New Delhi: Objectionable contents with hate messages, especially those having communal overtones, could soon be removed from social media platforms like Twitter and Facebook. The government is planning to convene a meeting of all stake-holders for this.
The meeting is being planned by the government in the wake of widespread use of social media platforms for circulation of hate messages, pictures, audios and videos with communal overtones and hate contents in recent past, especially after the Dadri incident where a Muslim man was lynched over rumours of cow slaughter.
Representatives of the Ministries of Home, Telecommunication, Intelligence Bureau, NTRO, Facebook, Twitter etc., will deliberate and chalk out strategy to check the growing menace.
"We will suggest that objectionable contents with hate messages, especially those having communal overtones, which vitiate the society should be removed from the social media platforms," a senior government official said.
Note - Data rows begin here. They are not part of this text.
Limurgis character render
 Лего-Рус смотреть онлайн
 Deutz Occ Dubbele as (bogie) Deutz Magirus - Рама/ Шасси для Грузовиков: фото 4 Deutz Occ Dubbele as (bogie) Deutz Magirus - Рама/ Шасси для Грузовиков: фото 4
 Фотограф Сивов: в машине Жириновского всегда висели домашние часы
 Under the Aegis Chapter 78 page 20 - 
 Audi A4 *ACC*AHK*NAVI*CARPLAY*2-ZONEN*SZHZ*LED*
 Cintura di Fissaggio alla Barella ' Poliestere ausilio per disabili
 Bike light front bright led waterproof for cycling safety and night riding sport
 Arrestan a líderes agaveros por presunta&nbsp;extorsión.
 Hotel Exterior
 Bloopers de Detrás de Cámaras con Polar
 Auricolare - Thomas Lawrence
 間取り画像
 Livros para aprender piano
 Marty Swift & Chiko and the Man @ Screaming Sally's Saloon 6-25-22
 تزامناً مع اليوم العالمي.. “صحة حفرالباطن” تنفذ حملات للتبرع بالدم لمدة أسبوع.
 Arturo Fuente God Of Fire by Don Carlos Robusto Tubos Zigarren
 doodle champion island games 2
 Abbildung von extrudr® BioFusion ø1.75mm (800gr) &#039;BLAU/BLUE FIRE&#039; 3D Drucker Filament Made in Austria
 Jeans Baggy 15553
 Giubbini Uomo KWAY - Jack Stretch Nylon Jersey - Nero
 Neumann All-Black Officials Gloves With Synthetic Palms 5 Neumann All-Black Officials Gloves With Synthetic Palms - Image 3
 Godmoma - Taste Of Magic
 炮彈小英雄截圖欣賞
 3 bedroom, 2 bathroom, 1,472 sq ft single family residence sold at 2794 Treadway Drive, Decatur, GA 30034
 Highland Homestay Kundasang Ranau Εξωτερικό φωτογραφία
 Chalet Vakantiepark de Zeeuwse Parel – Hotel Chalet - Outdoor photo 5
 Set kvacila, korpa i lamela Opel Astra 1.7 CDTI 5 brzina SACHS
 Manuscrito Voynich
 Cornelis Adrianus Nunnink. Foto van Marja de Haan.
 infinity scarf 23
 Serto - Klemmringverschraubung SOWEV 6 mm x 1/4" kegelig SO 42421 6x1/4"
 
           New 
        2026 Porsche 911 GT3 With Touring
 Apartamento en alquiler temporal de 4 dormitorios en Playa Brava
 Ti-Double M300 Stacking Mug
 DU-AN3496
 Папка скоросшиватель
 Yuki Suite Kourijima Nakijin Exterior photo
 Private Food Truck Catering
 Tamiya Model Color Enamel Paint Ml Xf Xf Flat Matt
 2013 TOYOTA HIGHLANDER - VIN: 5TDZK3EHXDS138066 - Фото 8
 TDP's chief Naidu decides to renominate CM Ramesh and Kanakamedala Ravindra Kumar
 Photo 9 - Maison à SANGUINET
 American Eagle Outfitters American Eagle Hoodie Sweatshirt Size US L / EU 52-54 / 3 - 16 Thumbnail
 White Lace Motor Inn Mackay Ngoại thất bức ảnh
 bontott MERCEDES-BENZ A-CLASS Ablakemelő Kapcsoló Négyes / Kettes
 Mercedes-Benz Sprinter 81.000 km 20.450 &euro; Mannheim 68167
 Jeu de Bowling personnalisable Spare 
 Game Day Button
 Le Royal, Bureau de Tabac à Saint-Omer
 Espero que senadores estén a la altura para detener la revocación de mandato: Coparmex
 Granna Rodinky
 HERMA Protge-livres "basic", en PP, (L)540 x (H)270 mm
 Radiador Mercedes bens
During the 2013 Muzaffarnagar riots in UP, security agencies had blamed hate messages spread through social media platforms as the cause of heightened tension among communities. Rumours spread through social media had caused panic among people from the Northeastern region living in Bangalore and its neighbouring cities, leading to mass exodus in 2012.
Referring to the fake video that was allegedly used to fan Muzaffarnagar riots, the then Prime Minister Manmohan Singh had said at a meeting of National Integration Council on September 23, 2013: "We must find a way to stop misuse of social media".
"We cannot let anti-national forces misuse social media. Social media is about expressing opinions freely and we need to maintain that sense of freedom," Singh had said.